[Extracted data entries]
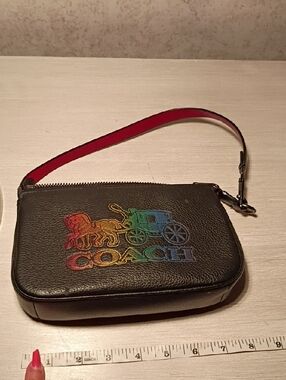 Coach Black Leather Wristlet with Multicolor Logo and Red Strap
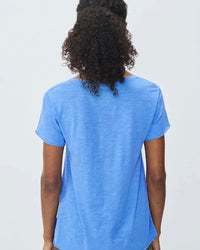 Person wearing a blue t-shirt against a plain background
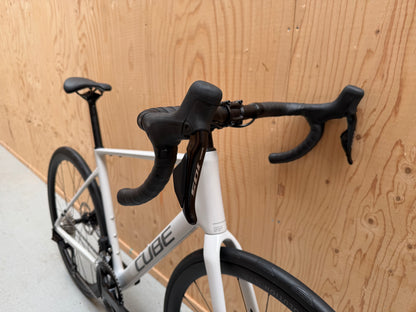 Cube Attain C:62 SLX racefiets van Velostudio, zwart met blauwe accenten, zichtbaar van voren met gedetailleerde frame en wielen
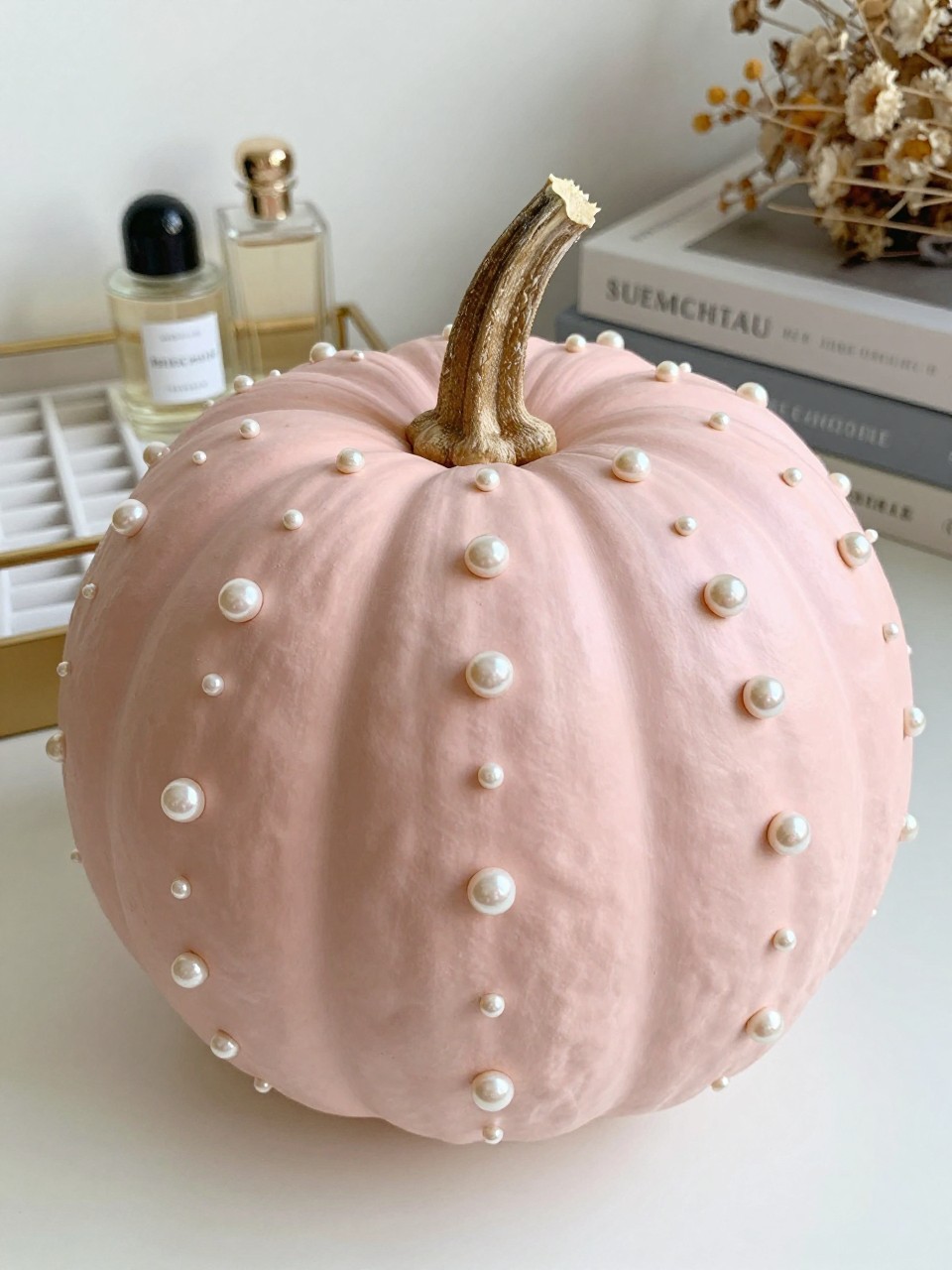 Horizontal 16:9 casual iPhone camera photo of a matte pale-pink real pumpkin decorated with small hand-painted pearl-like dots in warm ivory and soft champagne, dots following selected natural ridges in loose vertical rows, natural brown stem, displayed on a dressing table beside a jewelry tray, perfume bottles, neutral books, and dried flowers, soft morning daylight, subtle pearlescent sheen, no glued plastic pearls, no text.
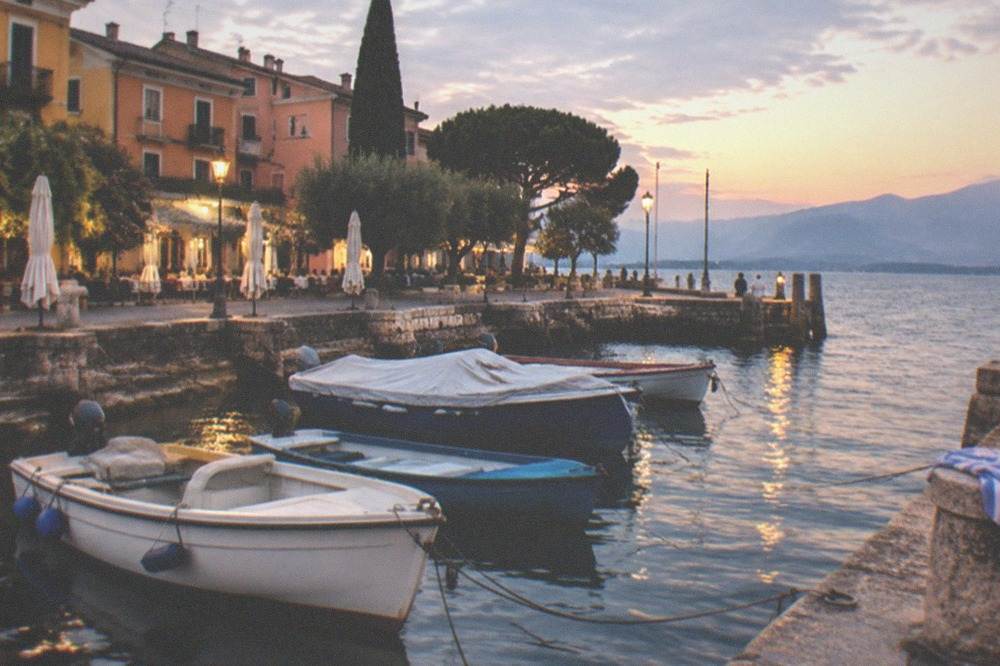 An evening harbour on Lake Garda with warm light on moored boats and a lakeside promenade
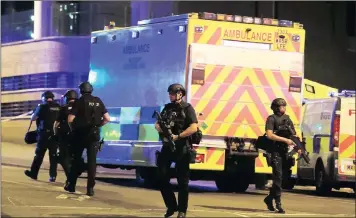  ?? PICTURES: ASSOCIATED PRESS ?? Armed police work at Manchester Arena after an explosion at the northern England venue last night. The blast occurred at the end of a concert by US singer Ariana Grande. At least 22 people were killed and more than 50 injured. A representa­tive said the...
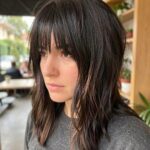 Collarbone Length Haircuts Modern Day Shag Cut With Heavy Bangs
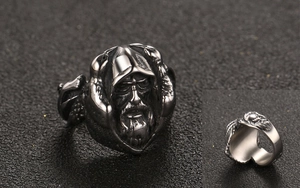 Detailed close-up of a vintage gothic titanium steel ring featuring a hooded wizard design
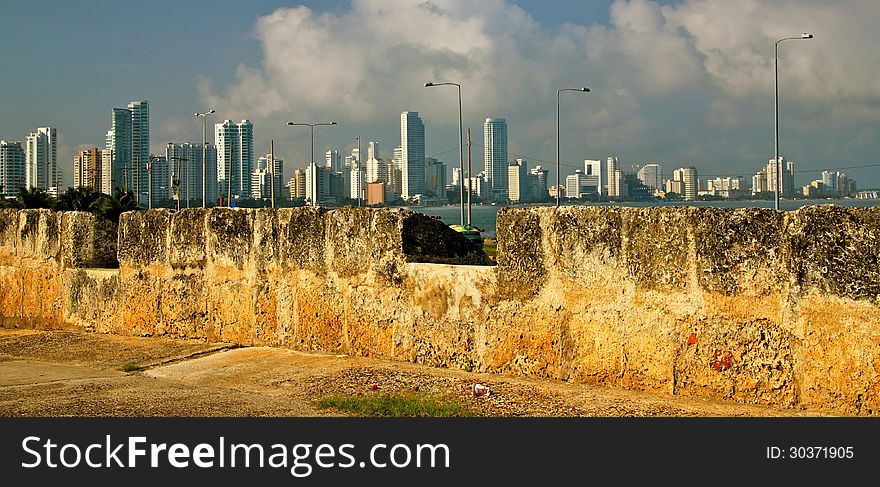 Contrast: High rising towers of Cartagena´s touristic peninsula Bocagrande seen from the old City Wall (XVI Century). Contrast: High rising towers of Cartagena´s touristic peninsula Bocagrande seen from the old City Wall (XVI Century).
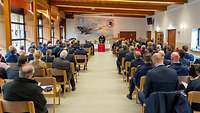 Ein langer Raum mit einem Altar in der Mitte; viele Menschen sitzen und hören einem Pfarrer zu.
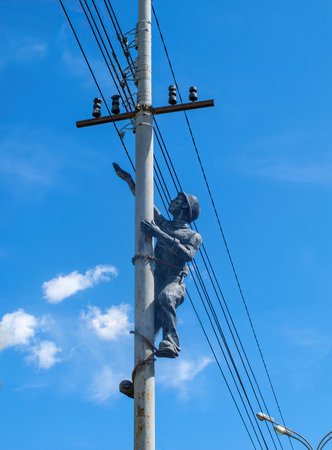 Sculpture in gray cast iron of an electrician on a street pole with electric wires.のeditorial素材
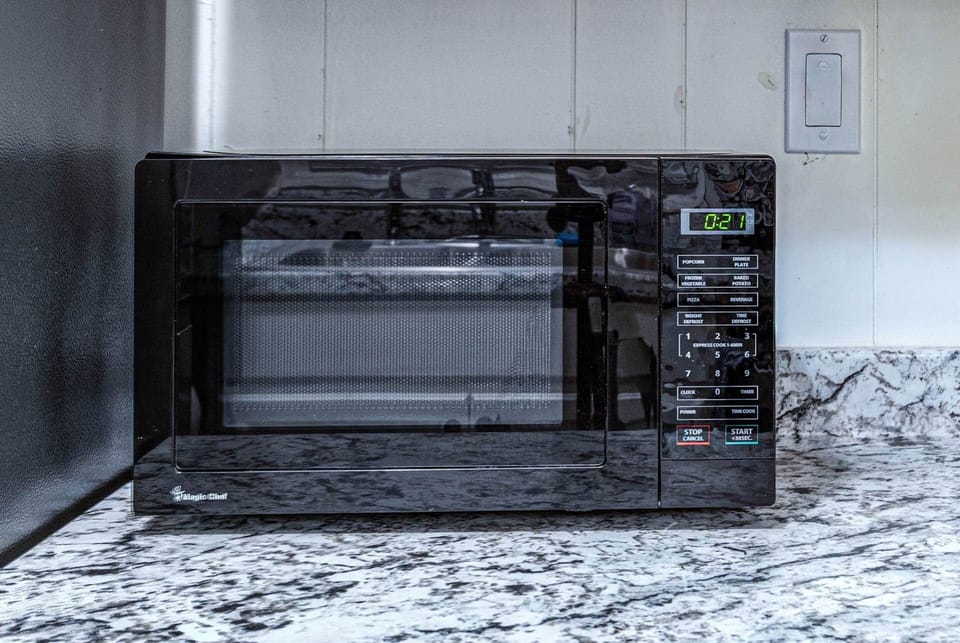 Kitchen with Gleaming Stainless Steel Appliances and Microwave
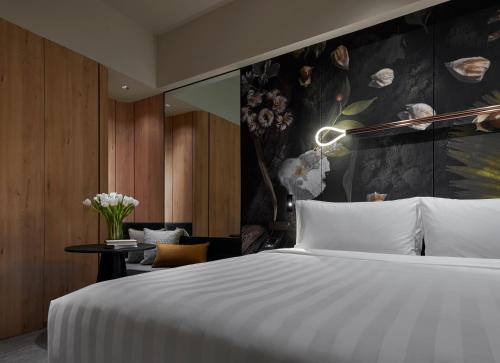 吉隆坡吉隆坡宾乐雅臻选酒店的一间卧室设有一张床和鲜花墙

— Problem statement —
Pictures are not part of the answer. Restate word for word the lines from the one with "An evening harbour" through the last line of the records.

— Response to this exercise —
 An evening harbour on Lake Garda with warm light on moored boats and a lakeside promenade
  ?? PICTURES: ASSOCIATED PRESS ?? Armed police work at Manchester Arena after an explosion at the northern England venue last night. The blast occurred at the end of a concert by US singer Ariana Grande. At least 22 people were killed and more than 50 injured. A representa­tive said the...
 Collarbone Length Haircuts Modern Day Shag Cut With Heavy Bangs
 Detailed close-up of a vintage gothic titanium steel ring featuring a hooded wizard design
 Contrast: High rising towers of Cartagena´s touristic peninsula Bocagrande seen from the old City Wall (XVI Century). Contrast: High rising towers of Cartagena´s touristic peninsula Bocagrande seen from the old City Wall (XVI Century).
 Ein langer Raum mit einem Altar in der Mitte; viele Menschen sitzen und hören einem Pfarrer zu.
 Sculpture in gray cast iron of an electrician on a street pole with electric wires.のeditorial素材
 Kitchen with Gleaming Stainless Steel Appliances and Microwave
 吉隆坡吉隆坡宾乐雅臻选酒店的一间卧室设有一张床和鲜花墙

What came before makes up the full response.